I’ve done two commands here. The first one is to build a basic table with three fields. The _time field is a Splunk default metadata field that is a timestamp (more on that next), the next field is user - we searched the user field and so this will display all data with that field and any value. The next field is the message field, and it will display message fields with fail* OR lock* and nothing else.

Then we do another command that sorts descending by the _time field.

Fields

Fields are searchable key-value pairs. When Splunk processes event data, it looks for potential fields in the data.

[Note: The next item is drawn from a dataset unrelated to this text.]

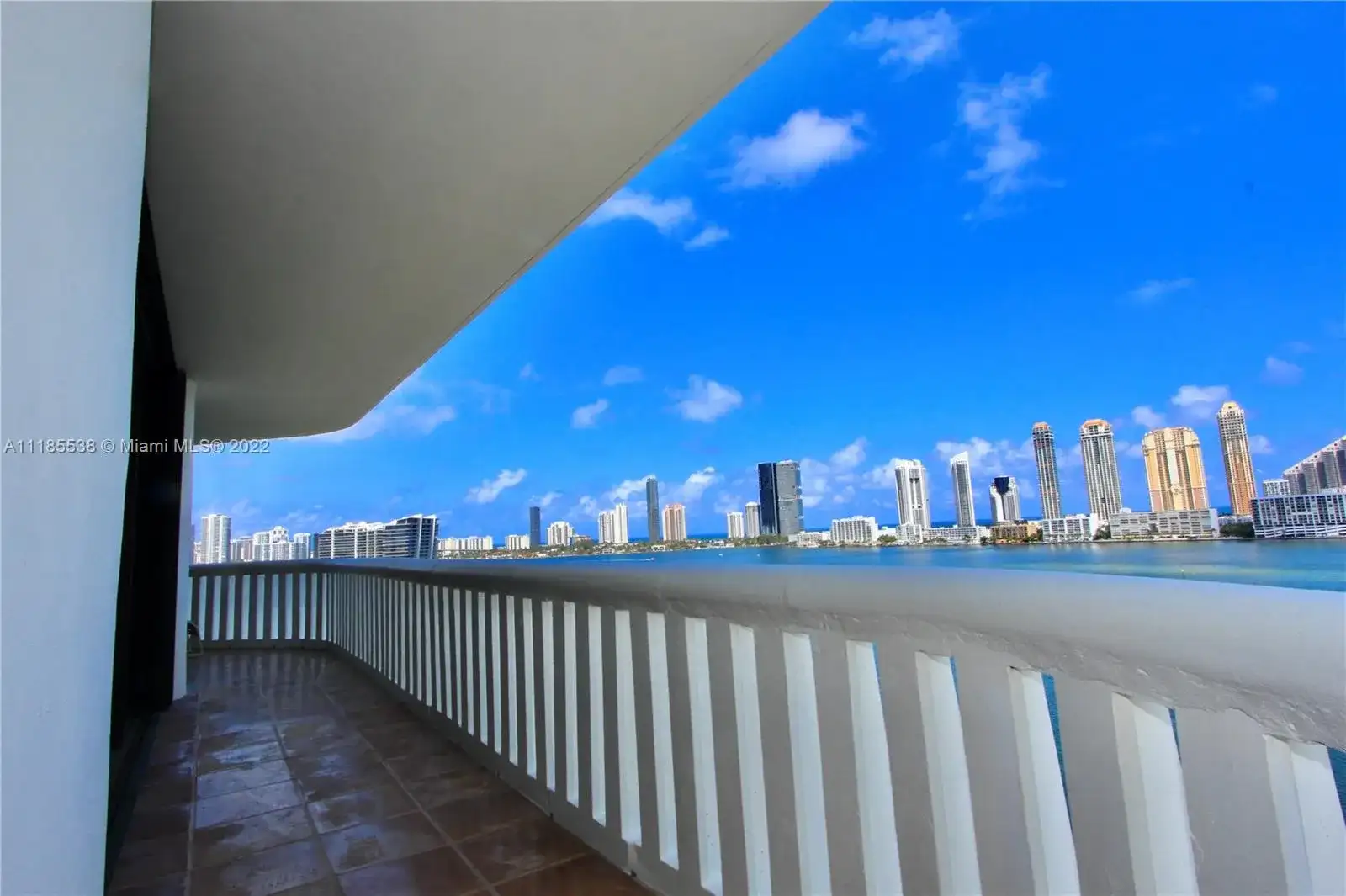 3000 Island Blvd # 1106, Aventura FL 33160 photo 3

• Searchable key - value pairs
• key = value

Field Discovery

Splunk has a powerful field discovery engine. Here’s how it works:

1. First, it discovers default fields in the data. Default fields include host, source, sourcetype, _time, and more.
2. Next, it looks for obvious key-value pairs in the first 100 events in the data.
3. Then, it builds fields using custom field extractions built by users and apps, the field extractions are stored in configuration files.

Splunk automatically discovers fields

• Default fields: host, source, sourcetype, _time, etc.
• Obvious key-value pairs
• Field extractions

Splunk has three search modes. Selection of these search modes have a significant impact on the performance of your Splunk environment. There are use-cases for each mode.

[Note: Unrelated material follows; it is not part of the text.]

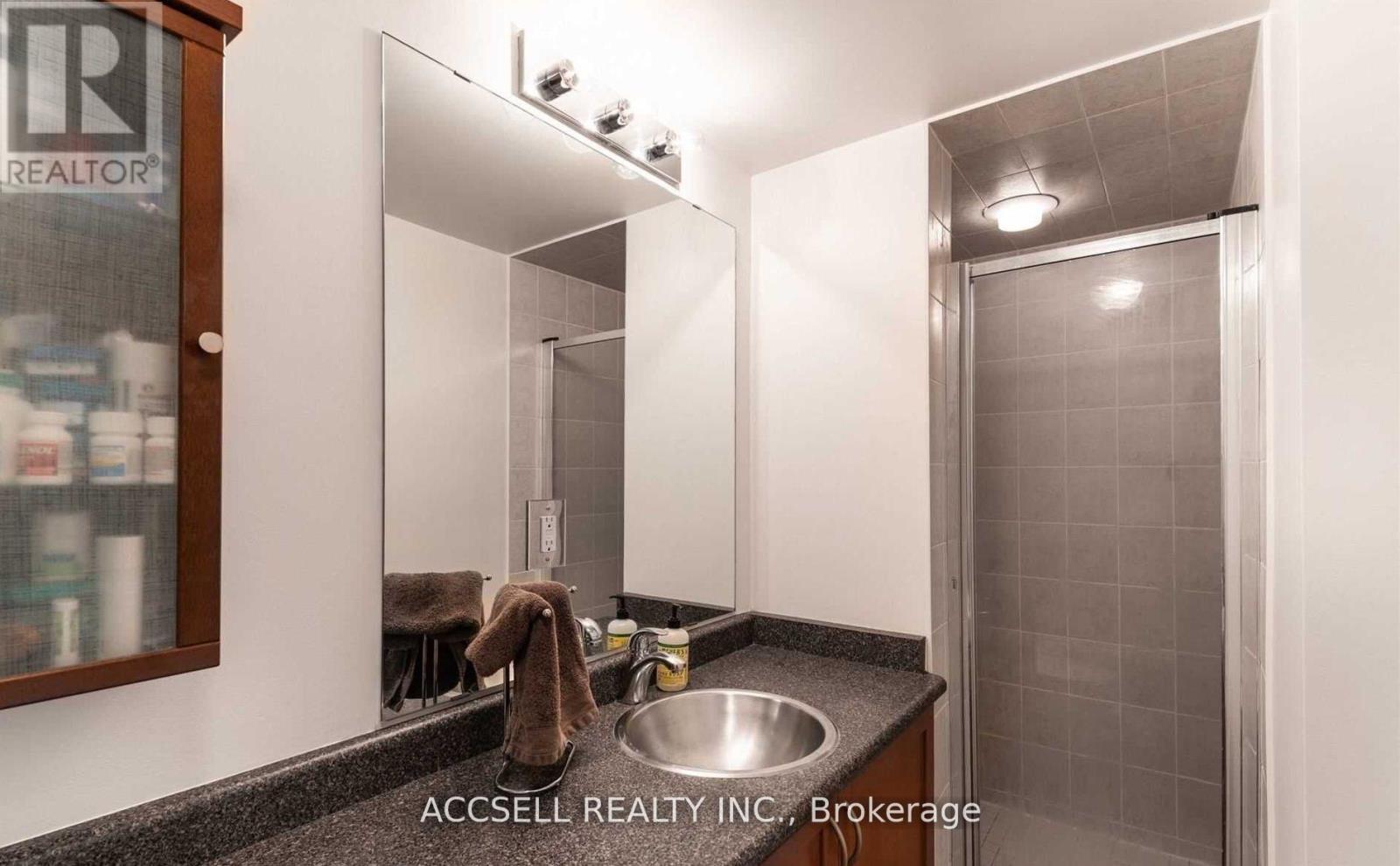 #229 3400 LAKE SHORE BOULEVARD W - 13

The default mode is Smart mode, in which, as we’ve discussed, Splunk attempts to determine what results you are looking for and return them as quickly as possible, based on the structure of your search. By default, Smart mode attempts to discover fields in the data by looking for key=value pairs. If your search contains transforming commands, like stats chart and timechart, then Smart mode acts more like fast mode assuming you don’t need any more automatic field discovery.

Fast mode is great when you know all of the fields you want to search, and you specify them in the search. Your search can run super fast because Splunk doesn’t have to use processing power to discover fields. Fast mode disables field discovery.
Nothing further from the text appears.